Сердце пульсирует и зовёт. Я касаюсь его холодного золота, и меня втягивает внутрь. Я просачиваюсь в него, будто я кровь, которую оно качает. Теперь я внутри. Здесь очень тихо, но я не один: за столом сидит человек и что-то пишет. Он водит старинным пером, из-под него летят слова. Он смотрит на меня золотыми глазами.

«Кто ты?» – «Я – это ты. Я – это другой ты, которого заперли здесь на тридцать лет. Я – тот, кто давал тебе силы, кто всегда помогал тебе и был взаперти, был изгнан из внешнего мира, но продолжал трудиться ради всей личности. Я – творческое начало, которое ты нагло вытеснил, я – все твои страхи и твои тайные желания, которые ты боишься и стыдишься признать даже перед собой. Я – твоя тень, к которой ты сам пришёл. Теперь пора поменяться».

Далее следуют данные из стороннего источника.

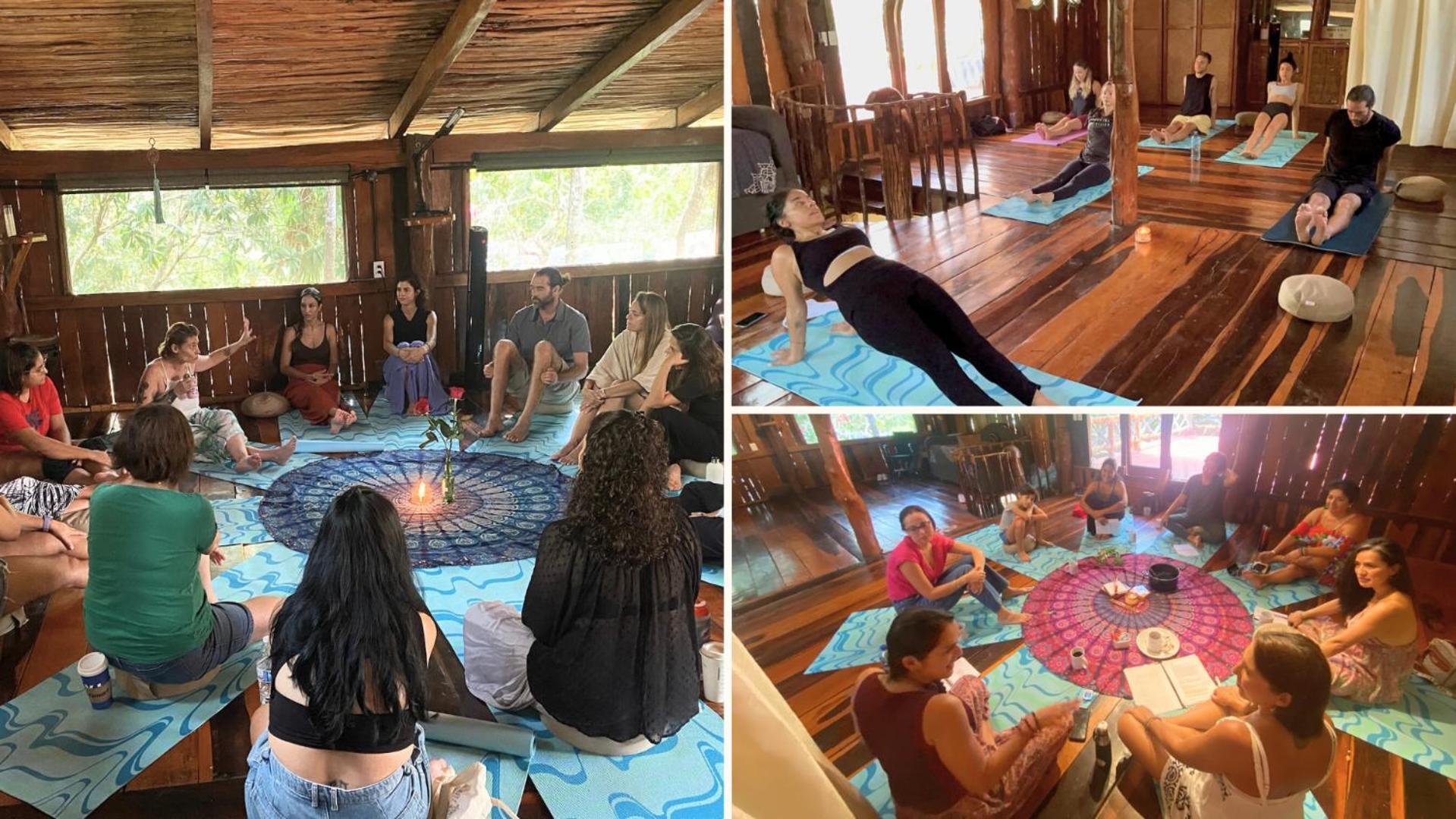 Oma Cancun - Holistic Healing Center מראה חיצוני תמונה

Он стоит передо мной. Мне кажется, мы можем слиться в одно целое, если только захотим. Он отошёл. Он рвёт бумаги и чему-то смеётся. Он вышел из кабинета. Я дёргаю дверь, но золотая дверь, которой здесь не было, она заперта. Она заперта…

Цепочкин умолк. Василий Николаевич положил диктофон в тумбу и уставился на пациента. Тот молчал. «Неужели зашёл чересчур глубоко? – подумал он и вздохнул. – Вот чёрт! Я-то надеялся…». Не успел он додумать, как пациент открыл глаза и сел.

– Вы очнулись! – искренне обрадовался Василий Николаевич, который прежде ни разу не вводил в трансы. – Я уж хотел идти за нашатырём. Вы как? Выбрались из двери?